Angelica is antispasmodic, carminative, diaphoretic, diuretic, expectorant, stimulant, stomachic and tonic. Angelica has a long folk-history of use as a medicinal herb, in particular for the treatment of digestive disorders and problems with blood circulation. It stimulates blood flow to the peripheral parts of the body and so is of value in treating poor circulation. In Traditional Chinese Medicine, Angelica is known as Dang Gui or "female ginseng" and is used for loss of appetite, gastrointestinal spasms, feeling of fullness, and flatulence. It is also used as part of a multi-ingredient preparation for treating premature ejaculation. Dang Gui is combined with liguisticum, peony, and foxglove roots to create the famous formulas for building the Blood - Si Wu Tang. This formula is basic to treating amenorrhoea (missed periods) and dysmenorrhoea. Cinnamon twig is added if menstrual pain is due to cold uterus. This formula is recommended in pregnancy as it is extensively used in China and Japan and has been monitored in many large-scale clinical trials with pregnant women. (1)
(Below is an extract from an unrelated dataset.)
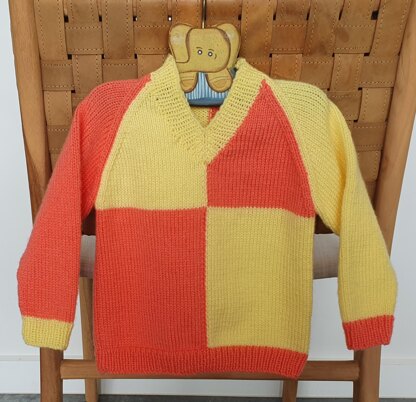 Peyton - Child’s 8ply V neck raglan jumper in two colours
In Traditional Chinese Medicine, Dang Gui is said to be sweet, bitter, acrid and warm and to enter the Liver, Lung and Kidney channels. Dang Gui tonifies the Blood and regulates menses due to blood deficiency, invigorate/harmonise blood to disperse cold and alleviate pain, moistens intestines to unblocks bowels and reduce swellings, expel pus and generate flesh. (2)
Research has demonstrated that Dang Gui and its active ingredients, as anti-arthrosclerotic, anti-hypertensive, antioxidant anti-inflammatory agents which would limit platelet aggregation, are effective in reducing the size of cerebral infarction and improving neurological deficit scores. (3)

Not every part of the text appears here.